Quickstart with Docker-Compose
This document describes the steps needed to bring up the LOGIQ observability stack using docker-compose for trial and demo use
Please read and agree with the EULA before proceeding.

Quickstart features

  1. 1.
    Log aggregation, search, reporting, and live tailing
  2. 2.
    APM using built-in Prometheus, using external Prometheus
  3. 3.
    Data sources - 21 data source connectors
  4. 4.
    Alerting
  5. 5.
    Incident response - PagerDury, ServiceNow, Slack, Email
  6. 6.
    logiqctl CLI connectivity
  7. 7.
    Dashboards and visualizations
  8. 8.
    Filtering rules and rule packs
  9. 9.
    User and group management
  10. 10.
    Log flow RBAC
  11. 11.
    UI Audit trail

Install Docker compose

You can spin-up LOGIQ using docker-compose. Install guide for docker-compose can be found here - https://docs.docker.com/compose/install/
NOTE: the docker-compose quick-start YAML files are intended for demo and trial use only. If you want to run a production deployment, LOGIQ uses Kubernetes with HELM to deploy the stack. Please contact us at : s a l e s @ l o g i q . a i

Running LOGIQ

NOTE: LOGIQ services use approximately 2GB of memory. Please have sufficient memory in your system before proceeding
The first step is to get the docker-compose YAML file from the URL below.
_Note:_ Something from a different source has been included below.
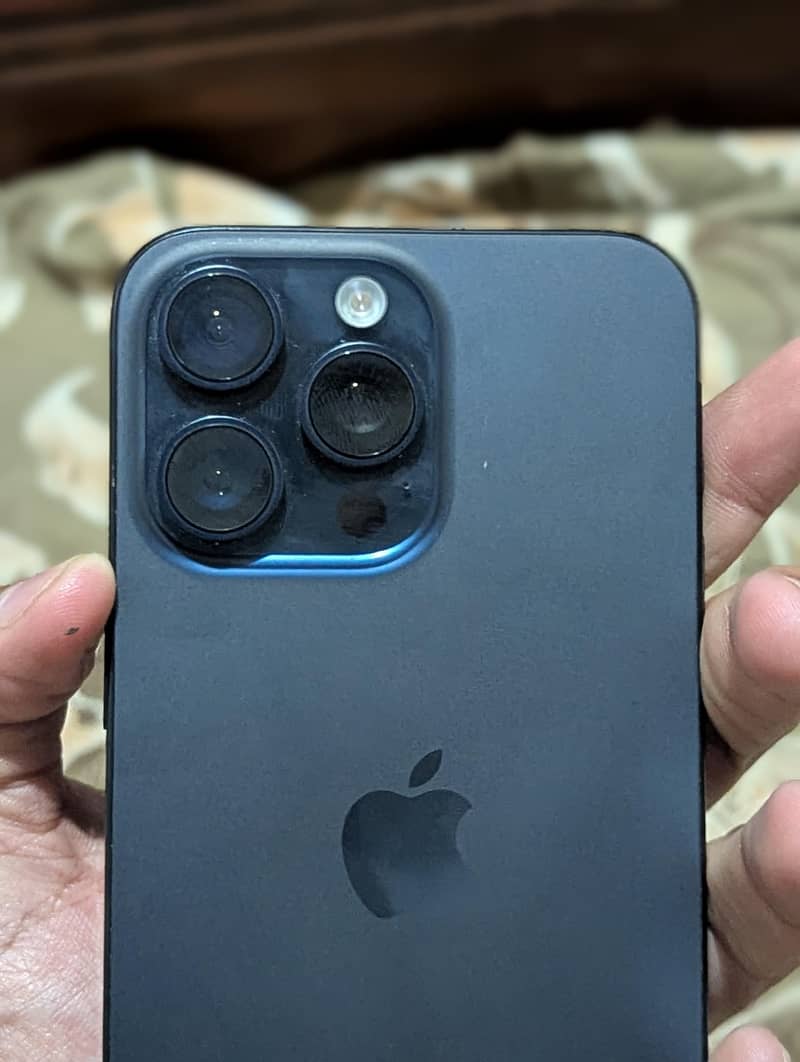 Apple iPhone 15 Pro Max with box 4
Download LOGIQ compose file

You are now ready to bring up the LOGIQ stack.

Download container images

docker-compose -f docker-compose.quickstart.yml pull

Bring up the stack

docker-compose -f docker-compose.quickstart.yml up -d
NOTE: If you have been running previous versions of LOGIQ docker-compose, you should stop and remove the existing containers by running docker-compose -f docker-compose.quickstart.yml down and remove any older docker volume via docker-compose -f docker-compose.quickstart.yml rm && docker-compose -f docker-compose.quickstart.yml rm -v

Delete the stack

If you are done with your evaluation and want to cleanup your environment, please run the following command to stop and delete the LOGIQ stack and free up the used system resources.
docker-compose -f docker-compose.quickstart.yml down -v

Test using LOGIQ UI

Once the LOGIQ server is up and running, the LOGIQ UI can be accessed as described above on port 80 on the server docker-compose. You will be presented with a login screen as shown below.
Use [email protected] / flash-password to login

Ingesting data

For setting up data ingestion from your endpoints and applications into LOGIQ.AI, please refer to the Integrations section.
The quickstart compose file includes a test data tool that will generate test log data and also has a couple of dashboards that show LOGIQ's APM capabilities.
The test log data can be viewed under Explore page
Click on any Procid and you will be taken to the Flows page with detailed logs and a search view. You can search for any log pattern, searches can also be run using regex expressions along with conditional statements using Advanced search across a time period.

Distributed Tracing

Logiq.ai provides application performance monitoring (APM) which can help end-to-end monitoring for microservices architectures, traces can be sent over 14250 (gRPC port). To view traces, navigate to Trace page under Explore.
select the Service and a list of traces will appear on the right-hand side of the screen. The traces have titles that correspond to the Operator selector on the search form. The traces can be further analyzed by clicking on the Analyse icon which will pull up the entire logs for the corresponding trace-id.
Analyze icon displays all the logs for the respective trace-id in a given time range.
To view the detailed trace, you can select a specific trace instance and check details like the time taken by each service, errors during execution, and logs.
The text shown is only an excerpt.